→ **Aim of the task**: Return every line below exactly, leaving nothing out.

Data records
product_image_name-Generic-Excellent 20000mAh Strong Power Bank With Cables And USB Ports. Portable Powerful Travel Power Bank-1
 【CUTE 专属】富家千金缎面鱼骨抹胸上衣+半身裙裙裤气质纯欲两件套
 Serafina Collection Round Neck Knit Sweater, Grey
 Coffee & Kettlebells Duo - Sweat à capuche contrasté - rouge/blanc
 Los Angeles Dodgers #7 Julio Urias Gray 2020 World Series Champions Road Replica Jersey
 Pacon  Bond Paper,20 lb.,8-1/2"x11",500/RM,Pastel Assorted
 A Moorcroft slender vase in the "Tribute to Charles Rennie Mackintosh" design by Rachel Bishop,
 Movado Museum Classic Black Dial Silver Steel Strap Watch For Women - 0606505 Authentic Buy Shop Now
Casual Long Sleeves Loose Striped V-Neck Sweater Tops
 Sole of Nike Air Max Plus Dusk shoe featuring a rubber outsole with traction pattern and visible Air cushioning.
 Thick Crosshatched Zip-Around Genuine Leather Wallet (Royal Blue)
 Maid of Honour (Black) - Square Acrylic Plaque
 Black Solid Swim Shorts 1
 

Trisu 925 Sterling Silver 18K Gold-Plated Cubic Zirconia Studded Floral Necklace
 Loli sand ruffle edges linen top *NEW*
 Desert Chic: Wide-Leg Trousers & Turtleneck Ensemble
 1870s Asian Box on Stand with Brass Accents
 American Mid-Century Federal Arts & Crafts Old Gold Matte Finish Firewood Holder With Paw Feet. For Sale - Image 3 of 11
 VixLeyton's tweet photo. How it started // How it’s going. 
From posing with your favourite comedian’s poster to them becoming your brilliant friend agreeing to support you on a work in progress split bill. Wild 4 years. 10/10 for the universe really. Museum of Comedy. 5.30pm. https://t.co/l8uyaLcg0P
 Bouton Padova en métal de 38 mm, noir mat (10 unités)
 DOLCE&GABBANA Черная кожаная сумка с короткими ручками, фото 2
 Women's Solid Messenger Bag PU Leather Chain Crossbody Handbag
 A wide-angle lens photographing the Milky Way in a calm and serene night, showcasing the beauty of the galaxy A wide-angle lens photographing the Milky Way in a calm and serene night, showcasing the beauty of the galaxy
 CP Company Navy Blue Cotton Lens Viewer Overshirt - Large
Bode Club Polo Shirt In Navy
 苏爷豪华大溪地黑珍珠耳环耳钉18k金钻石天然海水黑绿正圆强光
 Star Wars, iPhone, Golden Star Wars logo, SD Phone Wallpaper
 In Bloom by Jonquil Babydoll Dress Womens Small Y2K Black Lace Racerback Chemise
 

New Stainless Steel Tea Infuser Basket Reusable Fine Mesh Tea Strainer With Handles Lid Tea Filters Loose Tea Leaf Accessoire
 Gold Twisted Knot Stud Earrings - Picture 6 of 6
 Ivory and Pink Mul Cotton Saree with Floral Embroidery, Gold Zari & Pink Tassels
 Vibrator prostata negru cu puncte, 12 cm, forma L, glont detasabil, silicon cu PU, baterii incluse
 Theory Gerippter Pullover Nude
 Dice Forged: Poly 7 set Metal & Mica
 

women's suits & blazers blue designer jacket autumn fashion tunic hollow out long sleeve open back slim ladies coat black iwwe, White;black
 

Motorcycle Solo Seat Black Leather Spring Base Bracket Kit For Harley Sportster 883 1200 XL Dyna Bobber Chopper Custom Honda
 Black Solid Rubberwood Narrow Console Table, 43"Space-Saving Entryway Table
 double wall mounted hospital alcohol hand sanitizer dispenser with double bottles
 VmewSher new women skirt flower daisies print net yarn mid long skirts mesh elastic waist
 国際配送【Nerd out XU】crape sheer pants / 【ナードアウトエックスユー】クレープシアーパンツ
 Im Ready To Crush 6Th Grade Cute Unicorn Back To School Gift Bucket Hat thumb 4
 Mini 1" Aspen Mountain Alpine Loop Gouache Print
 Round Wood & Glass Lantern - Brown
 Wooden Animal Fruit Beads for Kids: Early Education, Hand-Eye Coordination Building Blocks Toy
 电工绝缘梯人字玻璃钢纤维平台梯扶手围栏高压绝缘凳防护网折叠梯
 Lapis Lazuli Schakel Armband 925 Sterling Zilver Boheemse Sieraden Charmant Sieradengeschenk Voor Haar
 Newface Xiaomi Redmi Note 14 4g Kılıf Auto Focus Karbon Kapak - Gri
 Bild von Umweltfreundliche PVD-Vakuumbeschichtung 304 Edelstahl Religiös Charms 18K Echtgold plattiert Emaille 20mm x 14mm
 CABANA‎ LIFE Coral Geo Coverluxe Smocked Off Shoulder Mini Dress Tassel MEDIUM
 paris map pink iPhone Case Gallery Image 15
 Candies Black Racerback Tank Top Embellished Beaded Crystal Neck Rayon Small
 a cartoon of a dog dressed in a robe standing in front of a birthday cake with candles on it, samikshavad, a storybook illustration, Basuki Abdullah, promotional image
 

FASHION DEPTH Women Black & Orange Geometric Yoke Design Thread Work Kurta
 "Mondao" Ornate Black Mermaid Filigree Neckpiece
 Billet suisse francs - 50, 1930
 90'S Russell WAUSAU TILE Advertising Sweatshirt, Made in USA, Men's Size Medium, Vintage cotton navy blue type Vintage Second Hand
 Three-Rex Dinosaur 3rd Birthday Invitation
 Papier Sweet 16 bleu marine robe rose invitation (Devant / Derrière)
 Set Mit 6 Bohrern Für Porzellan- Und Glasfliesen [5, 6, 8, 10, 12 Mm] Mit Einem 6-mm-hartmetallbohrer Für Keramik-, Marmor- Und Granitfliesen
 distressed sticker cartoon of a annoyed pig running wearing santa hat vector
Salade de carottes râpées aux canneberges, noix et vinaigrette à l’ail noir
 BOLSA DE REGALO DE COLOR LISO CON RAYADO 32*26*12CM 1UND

→ **Exercise response**:
product_image_name-Generic-Excellent 20000mAh Strong Power Bank With Cables And USB Ports. Portable Powerful Travel Power Bank-1
 【CUTE 专属】富家千金缎面鱼骨抹胸上衣+半身裙裙裤气质纯欲两件套
 Serafina Collection Round Neck Knit Sweater, Grey
 Coffee & Kettlebells Duo - Sweat à capuche contrasté - rouge/blanc
 Los Angeles Dodgers #7 Julio Urias Gray 2020 World Series Champions Road Replica Jersey
 Pacon  Bond Paper,20 lb.,8-1/2"x11",500/RM,Pastel Assorted
 A Moorcroft slender vase in the "Tribute to Charles Rennie Mackintosh" design by Rachel Bishop,
 Movado Museum Classic Black Dial Silver Steel Strap Watch For Women - 0606505 Authentic Buy Shop Now
Casual Long Sleeves Loose Striped V-Neck Sweater Tops
 Sole of Nike Air Max Plus Dusk shoe featuring a rubber outsole with traction pattern and visible Air cushioning.
 Thick Crosshatched Zip-Around Genuine Leather Wallet (Royal Blue)
 Maid of Honour (Black) - Square Acrylic Plaque
 Black Solid Swim Shorts 1
 

Trisu 925 Sterling Silver 18K Gold-Plated Cubic Zirconia Studded Floral Necklace
 Loli sand ruffle edges linen top *NEW*
 Desert Chic: Wide-Leg Trousers & Turtleneck Ensemble
 1870s Asian Box on Stand with Brass Accents
 American Mid-Century Federal Arts & Crafts Old Gold Matte Finish Firewood Holder With Paw Feet. For Sale - Image 3 of 11
 VixLeyton's tweet photo. How it started // How it’s going. 
From posing with your favourite comedian’s poster to them becoming your brilliant friend agreeing to support you on a work in progress split bill. Wild 4 years. 10/10 for the universe really. Museum of Comedy. 5.30pm. https://t.co/l8uyaLcg0P
 Bouton Padova en métal de 38 mm, noir mat (10 unités)
 DOLCE&GABBANA Черная кожаная сумка с короткими ручками, фото 2
 Women's Solid Messenger Bag PU Leather Chain Crossbody Handbag
 A wide-angle lens photographing the Milky Way in a calm and serene night, showcasing the beauty of the galaxy A wide-angle lens photographing the Milky Way in a calm and serene night, showcasing the beauty of the galaxy
 CP Company Navy Blue Cotton Lens Viewer Overshirt - Large
Bode Club Polo Shirt In Navy
 苏爷豪华大溪地黑珍珠耳环耳钉18k金钻石天然海水黑绿正圆强光
 Star Wars, iPhone, Golden Star Wars logo, SD Phone Wallpaper
 In Bloom by Jonquil Babydoll Dress Womens Small Y2K Black Lace Racerback Chemise
 

New Stainless Steel Tea Infuser Basket Reusable Fine Mesh Tea Strainer With Handles Lid Tea Filters Loose Tea Leaf Accessoire
 Gold Twisted Knot Stud Earrings - Picture 6 of 6
 Ivory and Pink Mul Cotton Saree with Floral Embroidery, Gold Zari & Pink Tassels
 Vibrator prostata negru cu puncte, 12 cm, forma L, glont detasabil, silicon cu PU, baterii incluse
 Theory Gerippter Pullover Nude
 Dice Forged: Poly 7 set Metal & Mica
 

women's suits & blazers blue designer jacket autumn fashion tunic hollow out long sleeve open back slim ladies coat black iwwe, White;black
 

Motorcycle Solo Seat Black Leather Spring Base Bracket Kit For Harley Sportster 883 1200 XL Dyna Bobber Chopper Custom Honda
 Black Solid Rubberwood Narrow Console Table, 43"Space-Saving Entryway Table
 double wall mounted hospital alcohol hand sanitizer dispenser with double bottles
 VmewSher new women skirt flower daisies print net yarn mid long skirts mesh elastic waist
 国際配送【Nerd out XU】crape sheer pants / 【ナードアウトエックスユー】クレープシアーパンツ
 Im Ready To Crush 6Th Grade Cute Unicorn Back To School Gift Bucket Hat thumb 4
 Mini 1" Aspen Mountain Alpine Loop Gouache Print
 Round Wood & Glass Lantern - Brown
 Wooden Animal Fruit Beads for Kids: Early Education, Hand-Eye Coordination Building Blocks Toy
 电工绝缘梯人字玻璃钢纤维平台梯扶手围栏高压绝缘凳防护网折叠梯
 Lapis Lazuli Schakel Armband 925 Sterling Zilver Boheemse Sieraden Charmant Sieradengeschenk Voor Haar
 Newface Xiaomi Redmi Note 14 4g Kılıf Auto Focus Karbon Kapak - Gri
 Bild von Umweltfreundliche PVD-Vakuumbeschichtung 304 Edelstahl Religiös Charms 18K Echtgold plattiert Emaille 20mm x 14mm
 CABANA‎ LIFE Coral Geo Coverluxe Smocked Off Shoulder Mini Dress Tassel MEDIUM
 paris map pink iPhone Case Gallery Image 15
 Candies Black Racerback Tank Top Embellished Beaded Crystal Neck Rayon Small
 a cartoon of a dog dressed in a robe standing in front of a birthday cake with candles on it, samikshavad, a storybook illustration, Basuki Abdullah, promotional image
 

FASHION DEPTH Women Black & Orange Geometric Yoke Design Thread Work Kurta
 "Mondao" Ornate Black Mermaid Filigree Neckpiece
 Billet suisse francs - 50, 1930
 90'S Russell WAUSAU TILE Advertising Sweatshirt, Made in USA, Men's Size Medium, Vintage cotton navy blue type Vintage Second Hand
 Three-Rex Dinosaur 3rd Birthday Invitation
 Papier Sweet 16 bleu marine robe rose invitation (Devant / Derrière)
 Set Mit 6 Bohrern Für Porzellan- Und Glasfliesen [5, 6, 8, 10, 12 Mm] Mit Einem 6-mm-hartmetallbohrer Für Keramik-, Marmor- Und Granitfliesen
 distressed sticker cartoon of a annoyed pig running wearing santa hat vector
Salade de carottes râpées aux canneberges, noix et vinaigrette à l’ail noir
 BOLSA DE REGALO DE COLOR LISO CON RAYADO 32*26*12CM 1UND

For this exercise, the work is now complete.